And Modern Meadow emphasized that this new system will not operate behind closed doors. Much in the same way that microbreweries provide a public space for people to visit, view the process, and taste the efforts, Forgacs imagines that there would be a similar place for a meat-printing facility, creating a transparent process that the community could be actively involved with and learn from.

3-D printers could also provide a way to create value-added products for farmers, while simultaneously cutting down on handling time. Value-added goods can double, or even triple the price of certain raw ingredients (and make use of slightly damaged crops), and, if a 3-D printer was able to handle the bulk of processing, the input would be very minimal for a large return. Whether it was in personal homes, or for public use in a community kitchen, 3-D printers could drastically improve commercial opportunities for farmers.

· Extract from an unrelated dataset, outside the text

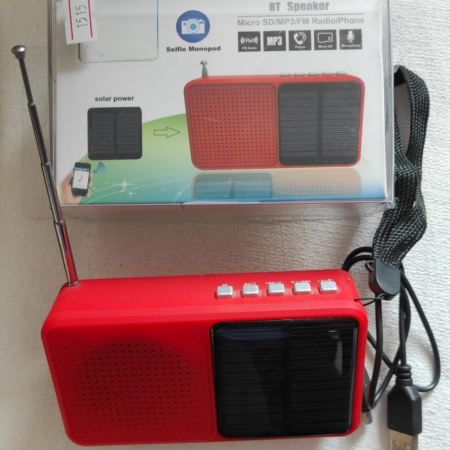 PARLANTE BT PORTATIL ch-101 KP-225BT CON PANEL SOLAR, LINTERNA LED ,BATERÍA RECARGABLE Y TAMBIÉN PILAS COMUNES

It may still sound utopic (or dystopic, depending on how you’re thinking about it), but the 3-D food-printing industry’s growing pace suggests it isn’t just a fleeting trend. It’s hard to make definitive claims about the direction the technology is moving in: Personal printers are just beginning to reach the markets, and they’re still quite expensive. However, instigating an early public discourse around this emerging technology will help ensure that the interests of the local food culture are considered. Like with all emerging markets, the more knowledge we have about 3-D printing as consumers, the greater influence we’ll be able to have in the direction the technology takes. If nothing else, we may just see a whole lot more homemade ravioli. And that wouldn’t be so bad, either.